▶ Work order
Give the lines again, unchanged, starting with the line containing "咸阳宠物善终服务是什么？咸阳宠物主如何告别爱宠更安心？" and ending with the last line of the data below.

Dataset items
◆ ◆ ◆ ◆ ◆ ◆ ◆
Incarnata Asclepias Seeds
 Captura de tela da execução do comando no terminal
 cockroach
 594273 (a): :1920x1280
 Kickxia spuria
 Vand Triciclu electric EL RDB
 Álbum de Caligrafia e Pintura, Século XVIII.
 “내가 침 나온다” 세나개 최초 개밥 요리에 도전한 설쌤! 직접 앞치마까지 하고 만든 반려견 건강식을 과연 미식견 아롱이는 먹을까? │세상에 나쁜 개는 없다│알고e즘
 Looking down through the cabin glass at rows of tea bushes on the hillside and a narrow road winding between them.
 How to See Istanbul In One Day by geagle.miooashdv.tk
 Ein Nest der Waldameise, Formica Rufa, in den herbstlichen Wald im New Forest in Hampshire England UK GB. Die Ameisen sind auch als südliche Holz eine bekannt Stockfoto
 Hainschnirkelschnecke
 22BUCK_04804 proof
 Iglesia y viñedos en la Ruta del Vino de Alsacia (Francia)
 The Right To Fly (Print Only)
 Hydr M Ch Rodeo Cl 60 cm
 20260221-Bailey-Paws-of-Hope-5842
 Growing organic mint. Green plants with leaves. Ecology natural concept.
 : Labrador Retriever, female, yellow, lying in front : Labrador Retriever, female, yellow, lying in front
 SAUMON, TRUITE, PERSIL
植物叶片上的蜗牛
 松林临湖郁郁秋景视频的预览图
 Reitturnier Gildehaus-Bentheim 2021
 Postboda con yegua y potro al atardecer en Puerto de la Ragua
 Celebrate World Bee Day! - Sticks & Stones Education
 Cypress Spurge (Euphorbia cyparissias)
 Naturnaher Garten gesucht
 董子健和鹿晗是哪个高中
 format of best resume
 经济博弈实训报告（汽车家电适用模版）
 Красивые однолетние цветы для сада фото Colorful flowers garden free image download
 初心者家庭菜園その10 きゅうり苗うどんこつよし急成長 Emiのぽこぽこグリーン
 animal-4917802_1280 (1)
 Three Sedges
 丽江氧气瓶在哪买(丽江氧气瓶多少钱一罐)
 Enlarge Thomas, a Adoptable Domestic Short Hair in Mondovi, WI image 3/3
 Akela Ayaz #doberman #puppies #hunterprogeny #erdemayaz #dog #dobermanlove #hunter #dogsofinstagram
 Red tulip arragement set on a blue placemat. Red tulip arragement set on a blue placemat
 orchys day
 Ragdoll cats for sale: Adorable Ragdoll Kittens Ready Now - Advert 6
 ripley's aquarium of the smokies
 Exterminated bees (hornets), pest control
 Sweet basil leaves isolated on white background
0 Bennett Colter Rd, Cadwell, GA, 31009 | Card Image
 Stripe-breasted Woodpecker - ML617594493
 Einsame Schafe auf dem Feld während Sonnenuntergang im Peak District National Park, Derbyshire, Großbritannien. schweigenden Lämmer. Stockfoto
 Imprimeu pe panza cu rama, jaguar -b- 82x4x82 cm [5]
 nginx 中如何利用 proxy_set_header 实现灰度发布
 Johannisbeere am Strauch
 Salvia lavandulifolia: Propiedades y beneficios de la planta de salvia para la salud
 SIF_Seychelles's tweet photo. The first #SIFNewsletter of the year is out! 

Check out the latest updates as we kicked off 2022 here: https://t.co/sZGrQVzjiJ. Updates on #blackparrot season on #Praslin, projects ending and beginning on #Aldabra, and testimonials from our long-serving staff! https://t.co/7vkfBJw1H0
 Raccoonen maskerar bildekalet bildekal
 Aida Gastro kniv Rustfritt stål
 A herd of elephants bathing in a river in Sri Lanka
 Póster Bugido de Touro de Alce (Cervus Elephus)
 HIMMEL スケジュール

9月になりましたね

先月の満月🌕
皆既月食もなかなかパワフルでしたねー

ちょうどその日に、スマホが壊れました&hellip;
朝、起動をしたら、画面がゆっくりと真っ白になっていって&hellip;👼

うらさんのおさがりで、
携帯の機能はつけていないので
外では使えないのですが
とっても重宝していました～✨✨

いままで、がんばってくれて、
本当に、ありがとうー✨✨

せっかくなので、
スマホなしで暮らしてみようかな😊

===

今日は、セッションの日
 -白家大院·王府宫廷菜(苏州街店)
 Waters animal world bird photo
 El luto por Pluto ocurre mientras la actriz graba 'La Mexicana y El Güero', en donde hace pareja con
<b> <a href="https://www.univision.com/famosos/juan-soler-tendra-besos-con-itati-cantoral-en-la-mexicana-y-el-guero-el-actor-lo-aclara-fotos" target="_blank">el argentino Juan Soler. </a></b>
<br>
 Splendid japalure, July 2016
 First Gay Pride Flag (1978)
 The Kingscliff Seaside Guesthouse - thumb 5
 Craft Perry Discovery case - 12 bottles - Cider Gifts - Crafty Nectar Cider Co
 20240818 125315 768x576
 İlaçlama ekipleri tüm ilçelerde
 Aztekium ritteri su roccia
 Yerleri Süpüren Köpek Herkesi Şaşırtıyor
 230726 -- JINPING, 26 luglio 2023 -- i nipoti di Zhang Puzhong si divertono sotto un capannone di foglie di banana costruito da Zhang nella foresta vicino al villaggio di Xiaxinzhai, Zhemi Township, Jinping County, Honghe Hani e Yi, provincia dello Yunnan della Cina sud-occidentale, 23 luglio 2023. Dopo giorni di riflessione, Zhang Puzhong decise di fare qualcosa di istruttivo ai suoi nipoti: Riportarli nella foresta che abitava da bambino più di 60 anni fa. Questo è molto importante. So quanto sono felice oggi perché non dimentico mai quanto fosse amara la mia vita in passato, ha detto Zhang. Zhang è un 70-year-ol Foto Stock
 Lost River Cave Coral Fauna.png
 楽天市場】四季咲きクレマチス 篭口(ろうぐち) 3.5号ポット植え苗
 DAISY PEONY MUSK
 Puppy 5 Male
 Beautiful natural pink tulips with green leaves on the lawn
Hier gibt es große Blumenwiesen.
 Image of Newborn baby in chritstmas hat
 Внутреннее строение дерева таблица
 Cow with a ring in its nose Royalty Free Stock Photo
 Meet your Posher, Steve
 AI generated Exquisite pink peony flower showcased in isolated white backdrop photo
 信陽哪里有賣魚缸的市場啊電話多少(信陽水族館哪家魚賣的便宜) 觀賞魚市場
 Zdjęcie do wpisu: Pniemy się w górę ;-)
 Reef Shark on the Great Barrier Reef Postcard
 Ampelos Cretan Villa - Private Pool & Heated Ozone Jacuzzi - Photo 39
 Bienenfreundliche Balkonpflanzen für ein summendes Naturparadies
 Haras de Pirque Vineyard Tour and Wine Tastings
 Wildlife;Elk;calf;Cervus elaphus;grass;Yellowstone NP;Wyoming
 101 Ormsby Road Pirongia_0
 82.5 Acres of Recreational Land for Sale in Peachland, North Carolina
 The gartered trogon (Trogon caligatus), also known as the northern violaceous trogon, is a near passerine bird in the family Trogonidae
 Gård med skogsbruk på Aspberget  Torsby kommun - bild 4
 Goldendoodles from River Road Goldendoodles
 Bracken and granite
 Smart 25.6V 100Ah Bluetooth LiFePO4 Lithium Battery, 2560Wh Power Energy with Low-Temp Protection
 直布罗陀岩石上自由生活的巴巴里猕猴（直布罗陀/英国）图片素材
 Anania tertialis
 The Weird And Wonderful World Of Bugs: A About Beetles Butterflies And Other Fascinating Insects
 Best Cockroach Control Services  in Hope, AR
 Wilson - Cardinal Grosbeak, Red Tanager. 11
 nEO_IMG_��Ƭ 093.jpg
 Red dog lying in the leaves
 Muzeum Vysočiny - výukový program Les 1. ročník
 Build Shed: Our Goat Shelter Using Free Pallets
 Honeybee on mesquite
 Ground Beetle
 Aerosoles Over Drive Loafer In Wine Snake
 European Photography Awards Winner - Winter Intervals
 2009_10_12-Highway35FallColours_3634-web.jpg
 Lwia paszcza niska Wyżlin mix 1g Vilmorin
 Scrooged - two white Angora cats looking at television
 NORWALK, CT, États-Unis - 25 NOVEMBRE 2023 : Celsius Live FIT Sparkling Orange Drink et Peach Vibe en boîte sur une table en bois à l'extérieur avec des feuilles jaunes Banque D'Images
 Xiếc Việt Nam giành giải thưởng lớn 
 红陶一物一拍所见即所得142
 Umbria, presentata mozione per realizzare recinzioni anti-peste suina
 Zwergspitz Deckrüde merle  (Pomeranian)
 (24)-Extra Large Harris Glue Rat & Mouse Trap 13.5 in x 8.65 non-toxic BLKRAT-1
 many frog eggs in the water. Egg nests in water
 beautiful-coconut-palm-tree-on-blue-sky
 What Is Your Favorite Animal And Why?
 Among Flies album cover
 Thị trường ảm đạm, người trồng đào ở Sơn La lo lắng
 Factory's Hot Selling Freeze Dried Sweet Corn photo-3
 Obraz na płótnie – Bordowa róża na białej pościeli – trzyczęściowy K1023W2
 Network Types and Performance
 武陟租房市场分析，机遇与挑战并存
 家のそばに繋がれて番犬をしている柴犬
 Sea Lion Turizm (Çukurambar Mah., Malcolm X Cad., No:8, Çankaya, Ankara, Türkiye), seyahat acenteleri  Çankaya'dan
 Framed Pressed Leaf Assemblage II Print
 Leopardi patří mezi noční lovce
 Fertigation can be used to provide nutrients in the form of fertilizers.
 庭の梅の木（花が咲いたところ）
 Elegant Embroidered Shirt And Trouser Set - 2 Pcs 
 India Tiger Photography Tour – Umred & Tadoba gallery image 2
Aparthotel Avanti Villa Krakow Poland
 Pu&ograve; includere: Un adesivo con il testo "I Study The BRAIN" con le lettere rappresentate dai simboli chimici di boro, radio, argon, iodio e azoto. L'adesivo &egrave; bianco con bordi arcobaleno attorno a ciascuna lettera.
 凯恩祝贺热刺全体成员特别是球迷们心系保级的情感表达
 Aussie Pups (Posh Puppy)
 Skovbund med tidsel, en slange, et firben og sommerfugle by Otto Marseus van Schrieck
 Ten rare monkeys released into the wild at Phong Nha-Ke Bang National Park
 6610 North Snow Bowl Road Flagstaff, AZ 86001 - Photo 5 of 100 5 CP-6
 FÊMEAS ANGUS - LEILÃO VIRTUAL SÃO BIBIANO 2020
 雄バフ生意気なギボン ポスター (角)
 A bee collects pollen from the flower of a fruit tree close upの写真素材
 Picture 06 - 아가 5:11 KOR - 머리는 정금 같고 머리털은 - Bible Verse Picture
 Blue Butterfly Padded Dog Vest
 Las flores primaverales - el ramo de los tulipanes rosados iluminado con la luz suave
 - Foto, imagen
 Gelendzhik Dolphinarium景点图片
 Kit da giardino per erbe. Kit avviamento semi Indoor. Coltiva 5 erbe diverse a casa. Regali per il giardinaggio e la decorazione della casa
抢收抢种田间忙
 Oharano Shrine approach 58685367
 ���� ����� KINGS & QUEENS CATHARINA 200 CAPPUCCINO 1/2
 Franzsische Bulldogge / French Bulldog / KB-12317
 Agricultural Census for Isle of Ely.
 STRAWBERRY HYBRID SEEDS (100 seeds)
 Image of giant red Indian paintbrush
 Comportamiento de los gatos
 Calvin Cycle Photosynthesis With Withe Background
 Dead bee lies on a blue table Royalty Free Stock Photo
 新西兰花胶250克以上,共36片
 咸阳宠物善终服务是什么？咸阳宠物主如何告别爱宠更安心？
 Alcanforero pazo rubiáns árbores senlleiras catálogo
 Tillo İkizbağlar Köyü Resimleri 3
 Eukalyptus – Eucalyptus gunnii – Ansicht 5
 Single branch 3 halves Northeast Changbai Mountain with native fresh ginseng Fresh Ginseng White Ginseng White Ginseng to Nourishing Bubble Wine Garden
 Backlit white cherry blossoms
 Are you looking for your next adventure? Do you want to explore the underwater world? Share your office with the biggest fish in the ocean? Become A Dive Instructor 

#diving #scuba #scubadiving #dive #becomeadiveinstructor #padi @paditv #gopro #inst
◆ ◆ ◆ ◆ ◆ ◆ ◆
▶ Exercise output
 咸阳宠物善终服务是什么？咸阳宠物主如何告别爱宠更安心？
 Alcanforero pazo rubiáns árbores senlleiras catálogo
 Tillo İkizbağlar Köyü Resimleri 3
 Eukalyptus – Eucalyptus gunnii – Ansicht 5
 Single branch 3 halves Northeast Changbai Mountain with native fresh ginseng Fresh Ginseng White Ginseng White Ginseng to Nourishing Bubble Wine Garden
 Backlit white cherry blossoms
 Are you looking for your next adventure? Do you want to explore the underwater world? Share your office with the biggest fish in the ocean? Become A Dive Instructor 

#diving #scuba #scubadiving #dive #becomeadiveinstructor #padi @paditv #gopro #inst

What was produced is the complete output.